O’Toole made the remarks during a press conference Sunday morning.
“There is no plan for the economy if we don’t have rapid testing and vaccines as swiftly as possible,” he told reporters.
O’Toole’s comments come as the federal Liberal government prepares to release a fall economic update on Monday.
The government has not tabled a budget for this fiscal year, but in July delivered what it called a “fiscal snapshot” that estimated the deficit was heading for a record of $343.2 billion.
O’Toole said there can’t be a “full economy, a growing economy, people working, people being productive without the tools to keep that happening in a pandemic.
“Those two tools are rapid tests and a vaccine,” he said.

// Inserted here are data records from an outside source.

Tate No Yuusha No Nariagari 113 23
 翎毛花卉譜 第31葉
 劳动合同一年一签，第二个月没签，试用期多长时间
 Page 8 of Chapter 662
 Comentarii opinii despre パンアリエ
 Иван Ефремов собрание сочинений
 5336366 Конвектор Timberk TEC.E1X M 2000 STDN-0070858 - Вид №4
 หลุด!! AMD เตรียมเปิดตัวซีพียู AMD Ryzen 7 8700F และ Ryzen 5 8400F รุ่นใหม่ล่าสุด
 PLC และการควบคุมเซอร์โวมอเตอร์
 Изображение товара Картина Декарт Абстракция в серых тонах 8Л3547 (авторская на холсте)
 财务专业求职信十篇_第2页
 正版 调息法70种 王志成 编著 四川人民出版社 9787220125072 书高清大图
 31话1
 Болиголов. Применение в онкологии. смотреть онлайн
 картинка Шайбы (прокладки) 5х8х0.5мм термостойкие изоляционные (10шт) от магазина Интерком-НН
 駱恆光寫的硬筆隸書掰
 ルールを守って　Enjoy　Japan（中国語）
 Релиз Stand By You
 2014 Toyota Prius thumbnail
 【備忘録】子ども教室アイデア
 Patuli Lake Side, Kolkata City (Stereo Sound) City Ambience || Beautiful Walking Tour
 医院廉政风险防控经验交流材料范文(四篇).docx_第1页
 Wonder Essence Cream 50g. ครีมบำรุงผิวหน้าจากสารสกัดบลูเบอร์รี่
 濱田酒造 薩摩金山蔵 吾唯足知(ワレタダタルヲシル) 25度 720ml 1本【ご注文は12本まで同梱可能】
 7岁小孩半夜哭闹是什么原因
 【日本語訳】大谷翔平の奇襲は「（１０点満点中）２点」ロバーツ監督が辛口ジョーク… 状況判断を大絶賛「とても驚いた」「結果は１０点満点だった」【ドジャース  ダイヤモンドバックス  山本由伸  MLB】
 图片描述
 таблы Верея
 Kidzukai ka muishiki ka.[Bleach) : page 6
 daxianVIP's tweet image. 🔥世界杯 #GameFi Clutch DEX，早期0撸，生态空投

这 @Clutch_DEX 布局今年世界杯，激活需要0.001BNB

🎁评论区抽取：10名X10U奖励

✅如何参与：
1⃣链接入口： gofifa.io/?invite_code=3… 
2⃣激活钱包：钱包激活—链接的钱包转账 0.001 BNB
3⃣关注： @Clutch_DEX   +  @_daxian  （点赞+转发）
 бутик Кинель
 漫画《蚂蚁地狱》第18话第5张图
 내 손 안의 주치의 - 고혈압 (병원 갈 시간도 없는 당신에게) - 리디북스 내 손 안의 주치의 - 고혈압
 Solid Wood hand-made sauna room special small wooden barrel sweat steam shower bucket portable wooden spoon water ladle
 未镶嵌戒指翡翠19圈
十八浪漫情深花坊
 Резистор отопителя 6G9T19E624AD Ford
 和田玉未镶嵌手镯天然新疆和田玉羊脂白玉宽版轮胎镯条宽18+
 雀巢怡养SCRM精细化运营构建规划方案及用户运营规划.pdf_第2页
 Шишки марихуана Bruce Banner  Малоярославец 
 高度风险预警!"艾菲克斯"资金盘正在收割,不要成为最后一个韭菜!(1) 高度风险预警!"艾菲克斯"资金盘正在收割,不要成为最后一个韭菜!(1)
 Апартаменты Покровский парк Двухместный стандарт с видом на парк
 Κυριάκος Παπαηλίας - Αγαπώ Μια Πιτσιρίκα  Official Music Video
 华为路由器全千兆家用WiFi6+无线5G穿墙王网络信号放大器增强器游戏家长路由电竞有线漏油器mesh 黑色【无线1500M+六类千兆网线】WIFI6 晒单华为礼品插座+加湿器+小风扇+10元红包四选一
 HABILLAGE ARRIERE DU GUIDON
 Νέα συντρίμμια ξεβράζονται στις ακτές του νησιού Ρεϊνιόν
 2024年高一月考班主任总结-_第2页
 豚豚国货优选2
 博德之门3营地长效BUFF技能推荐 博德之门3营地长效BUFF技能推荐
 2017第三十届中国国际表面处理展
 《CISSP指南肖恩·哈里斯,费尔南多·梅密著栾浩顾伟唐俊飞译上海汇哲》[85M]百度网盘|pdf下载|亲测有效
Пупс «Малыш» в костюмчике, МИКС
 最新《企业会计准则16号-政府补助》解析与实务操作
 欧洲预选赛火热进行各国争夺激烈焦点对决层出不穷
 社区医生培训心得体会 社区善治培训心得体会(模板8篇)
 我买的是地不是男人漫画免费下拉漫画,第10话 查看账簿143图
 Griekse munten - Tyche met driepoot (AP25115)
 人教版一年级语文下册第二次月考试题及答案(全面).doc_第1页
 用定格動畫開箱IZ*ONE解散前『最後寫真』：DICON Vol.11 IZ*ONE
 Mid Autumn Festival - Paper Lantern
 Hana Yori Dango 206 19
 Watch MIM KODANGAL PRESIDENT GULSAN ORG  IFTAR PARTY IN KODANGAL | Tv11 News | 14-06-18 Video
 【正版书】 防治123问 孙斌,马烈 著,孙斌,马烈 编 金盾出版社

O’Toole said Canada is “months behind our allies” when it comes to the large-scale rollout and use of rapid COVID-19 tests.
Health Canada has approved more than three dozen different tests for COVID-19, but only six of them are “point-of-care” versions more commonly referred to as rapid tests.
Millions of rapid tests have been delivered to the provinces, however, health officials have been slow to utilize them as questions about best use and reliability remain unanswered.
O’Toole also said it appears as though Canada will be “months behind our allies on vaccines.”
“These are critical tools,” he said. “The vaccine is the hope we’re all looking for.”
Canada has signed contracts to secure 400 million doses of COVID-19 vaccine, however, the federal government says only six million of those doses — enough to vaccinate three million people — will be in the country by early January for distribution once approved by Health Canada.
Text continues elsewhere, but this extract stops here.